Admissibility, which I believe is the same admissibility from decision theory) is defined using the OC function, which describes how well the test is making correct decisions. In order to define efficiency, we need to examine the ASN function. Recall that for every  set $S$ and parameter $\theta$ the expected number of samples required is $\mathbb{E}_\theta(n|S)$. If there is an admissible test $S_0$ such that $\mathbb{E}_\theta (n|S_0) = \min_{S} \mathbb{E}_\theta(n|S)$ for every $\theta$  then $S_0$  is the ‘uniformly best test.’ In general this is too good to be true because the above equation has to be true for every value of $\theta$.

But we can define ‘optimum test’ if we have simple hypotheses $H_0: \theta = \theta_0$ and $H_1: \theta = \theta_1 \not= \theta_0.$ We can use Type I and II errors ($\alpha, \beta$) to define ‘strength’ of a test and if a test $S_0$ exists such that $\mathbb{E}_{\theta_0}(n|S_0) \leq \mathbb{E}_{\theta_0}(n|S)$ and $\mathbb{E}_{\theta_1}(n|S_0) \leq \mathbb{E}_{\theta_1}(n|S)$ for every $S$ of the same strength, then $S_0$ is an optimum test.

#### Concluding remarks:

Unlike treatment of fixed-sample size NHST controlling Type I and II error with Neyman-Pearson lemma to get ‘most powerful level $\alpha$ test’, in a sequential test we are looking for tests achieving the greatest efficiency (measured by average number of sample required) under some Type I and II error control (characterized by $(\alpha,\beta)$-strength).

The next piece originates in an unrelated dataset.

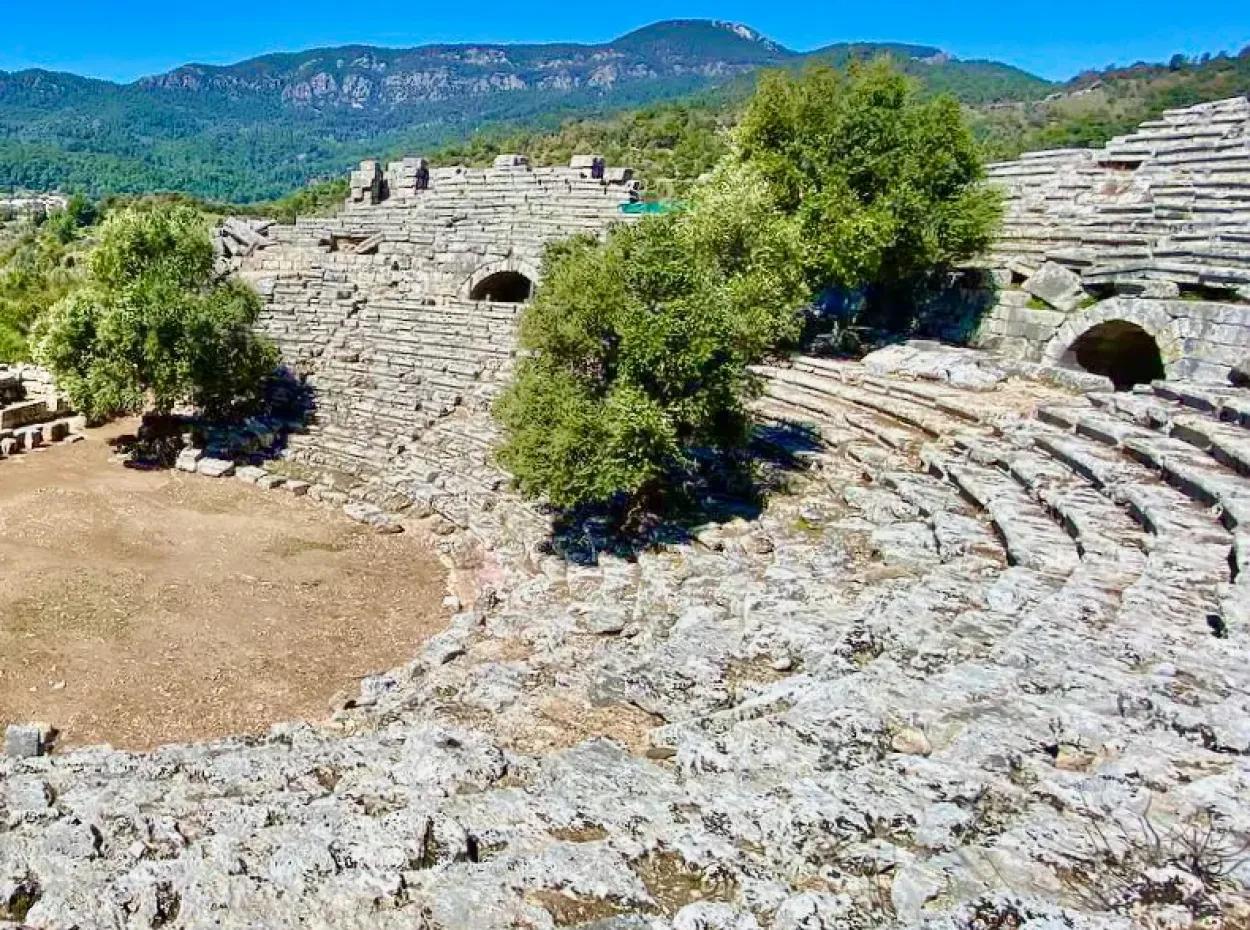 Dalyan Fotoğrafları. Dalyan Hotel Tatili
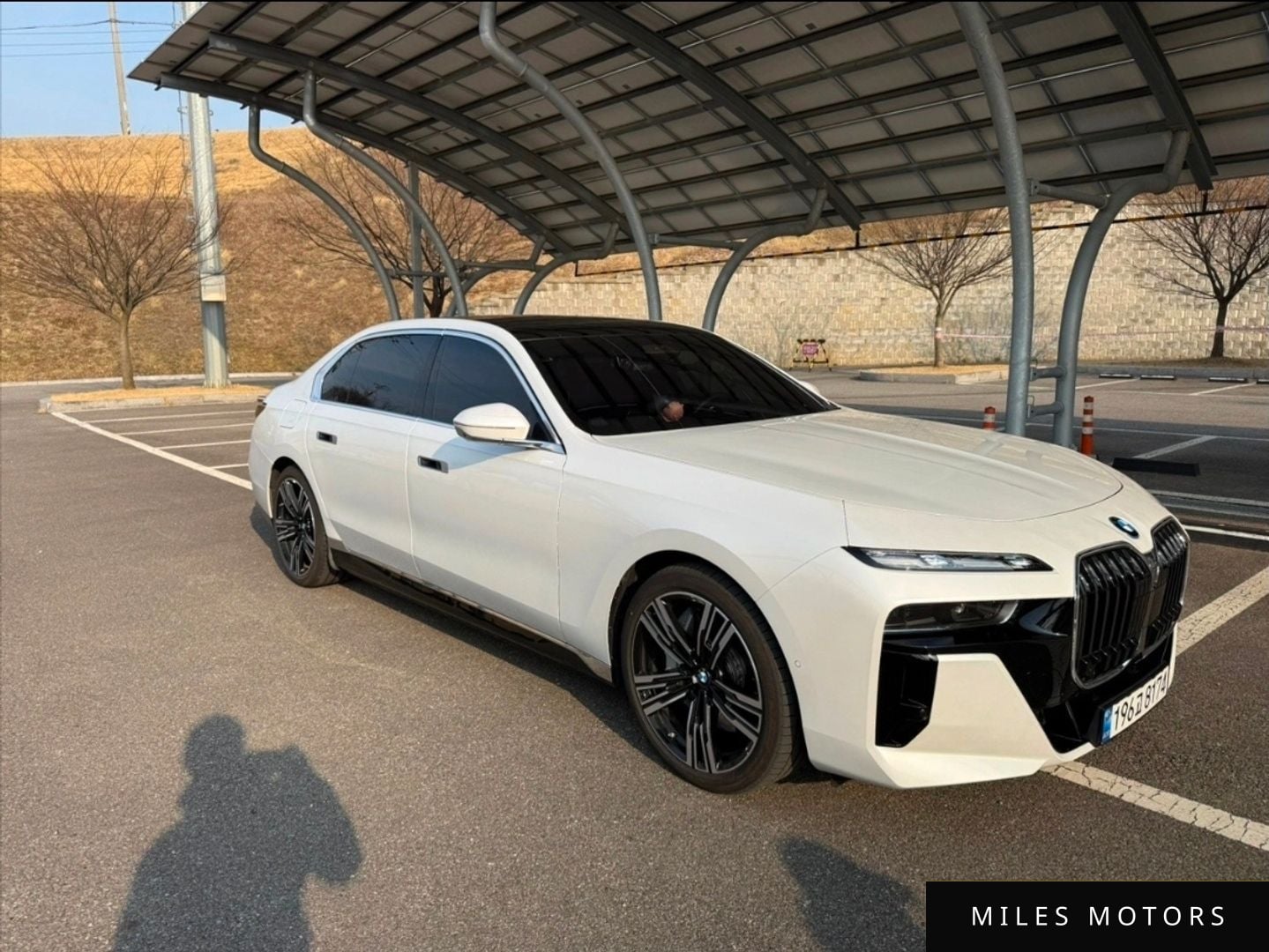 BMW 7 Series (G70) 2026 — миниатюра 2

Instead of straighforwardly presenting the framework to us, Wald carefully walks the reader through the development of the theory motivated by decision  theoretic considerations like: 1) what is the loss of a bad decisions? 2) what are some good properties of a sequential test? This chapter offers intuitions rather than extensive mathematical derivations and I would recommend it to anyone interested in statical inference and sequential testing in particular. The reader do need a good understanding of notions like power and significance level to appreciate it!

References:

Wald, Abraham. Sequential analysis. Courier Corporation, 1973.